Well, if I were you, I’d try to start with the simplest part of your game. Networking is really hard to understand, and even harder to master.

As you seem to be at the beginning of your “game career” I suggest going with the singleplayer version without thinking too much about netwroking yet. Every game has some “rewrite phases” at some points when you find that some of your systems need to be extended so that will probably happen anyway. Since there will be many problems small and big coming towards you I guess its best tackling them without the added complexity of networking in the background. This will give you a solid ground to work on (also experience/knowledge wise) that will make it much easier for you when you start a networked game (or transform your singleplayer one).

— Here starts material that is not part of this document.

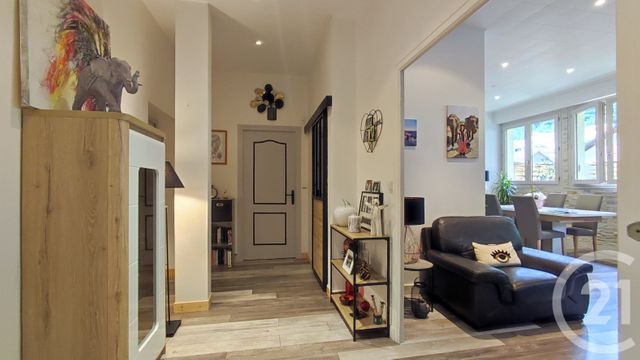 Afficher la photo en grand Appartement F3 bis à vendre - 3 pièces - 97,68 m2 - Allevard - 38 - RHONE-ALPES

To anwer your last question, much of what you coded surrounding the local player can remain the same, however depending a bit on how hacksafe you want your game to be. Keeping everything related to local player on the client side means an open portal to hackers, if that is of any concern to you.



Other than that, networking can be built on top of your single player code assuming that you made your world manager in a good way.

I will echo some of the others and say you may want to skip multiplayer now.



If you do networking properly then networked version of the game will certainly be very different. While you can design a multiplayer game to work multi and single player pretty easily, in my experience, trying to shoehorn networking into a single player game takes about as much time as rewriting the game from scratch. Unless you already knew what you were doing and took those precautions in the first place… in which case we wouldn’t be having this conversation.



Finish a single player game. That’s pretty hard already. For your next game you can tackle multiplayer from the beginning.

@pspeed said:
I will echo some of the others and say you may want to skip multiplayer now.

If you do networking properly then networked version of the game will certainly be very different. While you can design a multiplayer game to work multi and single player pretty easily, in my experience, trying to shoehorn networking into a single player game takes about as much time as rewriting the game from scratch. Unless you already knew what you were doing and took those precautions in the first place... in which case we wouldn't be having this conversation.

Finish a single player game. That's pretty hard already. For your next game you can tackle multiplayer from the beginning.


Exactly what I'm going to do, if I can. I'll go and try to throw a networking in my single player game. If it took me more than 6 months to put the networking, I'll give up.

I wouldnt put timelimits in, networking can be very simple or ultra complex depending on game type.